Racing bikes is tough. From my experience, to be successful in a race, it takes something like: 70% fitness, 20% tactics and 10% luck.
I’ve been racing bikes for a few years now. There’s a lot to enjoy about racing and riding, but the things that stand out for me are: the adrenaline of riding fast, the social aspect of it, and the feeling when the hours of hard work training pays off with a decent result. Living in London, there’s a great scene of midweek evening criteriums* and also a good selection of longer road races* at the weekends, usually a short drive or train ride away. As a pretty competitive person, I always want to push my limits further - go a bit faster and get better results.
Like most of the guys I race against, I have a full-time job and other commitments which, ultimately, doesn’t leave an awful lot of time to train. On a good week, I can get out on the bike for maybe 10 hours, but on a busy week, sometimes I can only manage around 4. What I’m getting at here is - I’m never going to be able to significantly increase my fitness by ramping up my training …it just isn’t going to happen.
The last point: Luck. I like to think I’m a pretty rational person, so I’m not going to start hunting for 4 leaf clovers or pin my hopes on a lucky pair of socks. Anyway, in the end, over the course of a season the luck usually balances out.
This got me thinking about the remaining 20%. Tactics. Knowing when to attack, which moves to follow - this can represent the difference between getting in a successful breakaway and battling it out for the win, or spending your energy unnecessarily early on in the race and not having enough left in the tank to be competitive towards the end. It usually comes down to fine margins, and having a little bit more power left than the other guys, or arriving at the finish line with less people in the group, makes a huge difference to your chances of getting on the podium or finishing mid-bunch.
So, now getting onto the point of this post. British Cycling (BC) has a fairly useful website, which riders can use to enter races, via the races event page. On most BC event pages its possible to see the riders on the startlist for a race.
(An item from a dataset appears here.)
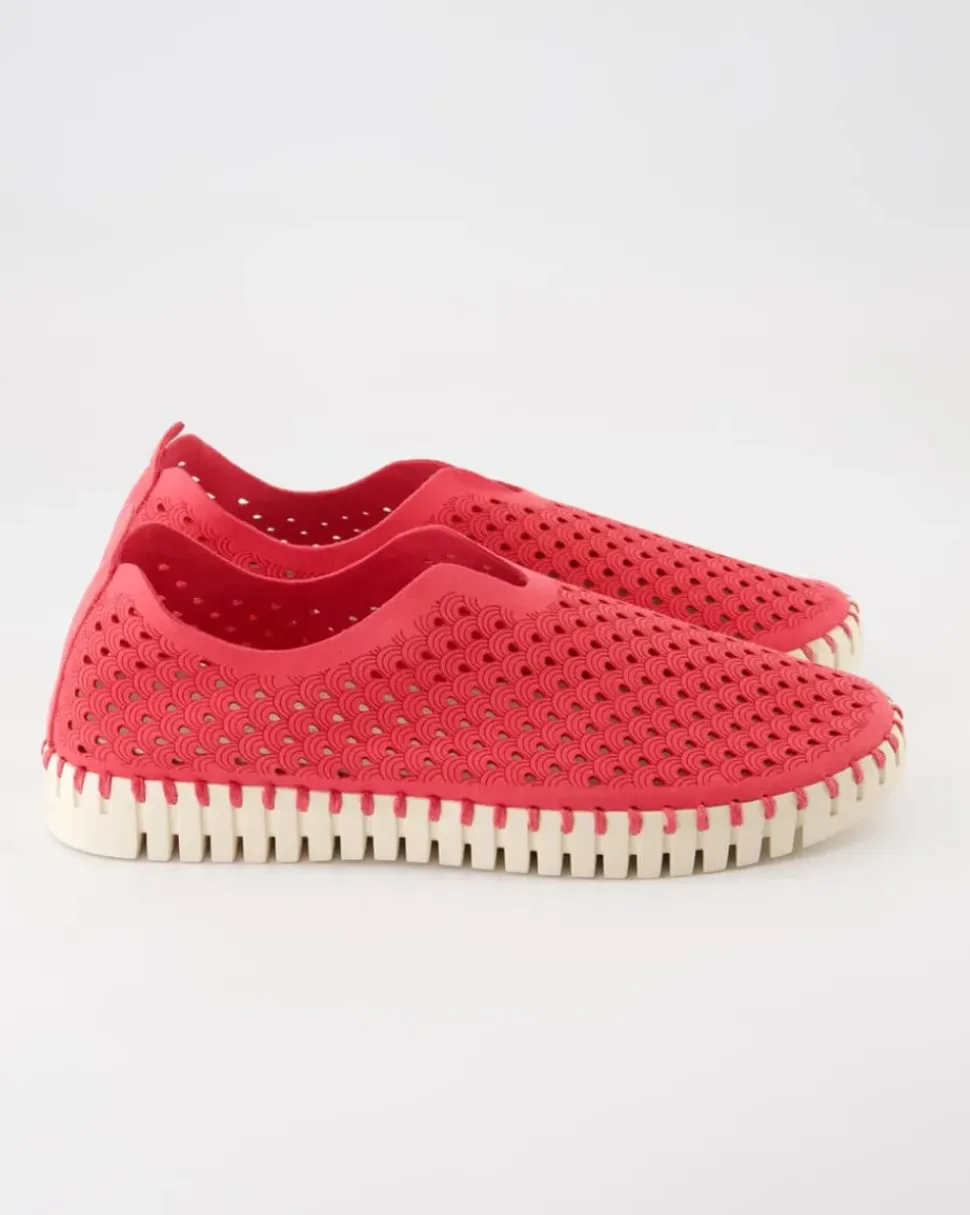Tulip3275 Slipper in Pink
Whilst its possible to manually click through the startlist to see who’s any good (by navigating to the riders results page), it’s quite a laborious task.
Going back to a bit of race tactics, knowing your opponents has a pretty big benefit. For example, it’s better to follow an attack from somebody who consistently finishes in the top 10, compared to somebody who has raced in 50+ races and yet to score a result …in which case you’d probably just be wasting energy.
Right so, what have we deduced so far. Realistically, I’m not going to get significantly any fitter - or if I do, I may have to completely give up my social life. There’s information I can leverage from the BC website that can help me with some race tactics, but the current way to do so is very slow. However, this is a relatively easy problem for a python program to solve.
Unfortunately, BC doesn’t provide a developer API, which is slightly frustrating. So plan B was to access the data via a custom web scraping script. Its not the nicest way to access the data, but at least its structured and can be repeated for each race. So this was just a case of learning the structure of the BC website, finding the corresponding html tags for the race entrants, and using the href attribute for each entrant to navigate to their ‘points’ (or results page).
Looping through the entrants list I created a Python 3.7+ ‘rider’ dataclass, assigning: the entrant name, club, and reading their points table - as a pandas DataFrame - as attributes. These ‘rider’ data classes I could then assign to a ‘field’ dataclass, which is a list of the ‘rider’ dataclasses. Cool, so thats all the scraping out the way.
race_field = Field(Rider(name_1, club_1, points_df_1), Rider(name_2, club_2, points_df_2), …)
The next step, was then figuring out what useful statistics I could deduce from each riders points DataFrame. From the riders ‘points’ table, I have a ‘result’ column and a ‘points’ column. e.g.
Date | Event Title | Type | Cat | Position | Points |
10/5/19 | Amazing Race 1 | Closed Circuit | Regional C+ | 4 | 6 |
2/5/19 | Another Race | Road | Regional A | 3 | 21 |
24/4/19 | Another Race 2 | Closed Circuit | Regional C+ | 12 | 0 |
16/4/19 | Another Race 3 | Closed Circuit | Regional C+ | 16 | 0 |
The results column is fairly self-explanatory, but the ‘points’ column might need a bit more explaining. Essentially, if you do well in a race you’re awarded points. This is usually from 1st to 10th place for smaller races, and up 20th place for bigger races. The higher the category of race the more points are available i.e. in a ‘smaller’ race you can get 10 points for a win, whereas in a bigger race you can get 60 points for a win.
So, from these two columns I decided on some ‘summary metrics’ that would be useful to describe a rider:
Since we have each riders points table stored as Pandas DataFrame, calculating these metrics was fairly trivial - just some counting, summing and/ or a combination of the two.
Right, so in essence that’s it! For now I’m just writing out each riders summary statistics to a csv, which allows me to get all the insight I require. To kick-off the program, I added a basic CLI, whereby you copy and paste the race URL (all that’s required for the scraper to go off and get the riders points table) and input which year you’d like to get the stats from. This is useful, as if its the beginning of the season, not many people will have done many, or even any, races at all - so in which case, its probably more useful to have a look at the previous seasons results instead. My output is essentially something like this:
Name | Club | Total Points | Wins | Points per race | Top 10 Count |
Joe Bloggs | JB CC | 25 | 1 | 4.3 | 4 |
John Smith | Another CC | 12 | 0 | 2.4 | 2 |
A Nother | Team CC | 5 | 0 | 1.2 | 1 |
If I get more time, I could deploy this as a web-app, with a neater interface, but for now it does what I need it to do. The summary stats created by the program give a quick and easy overview of the other riders, saving a lot of time if I were to try and do some research manually. As to whether this helps out with the 20% tactics part of race success …lets see how the season unfolds.
Criterium - A short (usually hour-ish long) race on an outdoor circuit. The circuit can be anywhere between 1-3km in length, and the race will do multiple laps of this. T hese races are short and intense, with average speeds of usually 40kph+
Road Race - A longer race on ‘semi-closed’ roads, where marshalls and escort motorbikes create a rolling road block. These are usually anywhere between 80-150km in length, taking place on ‘normal’ roads, consisting of laps of a circuit 10-20km in length.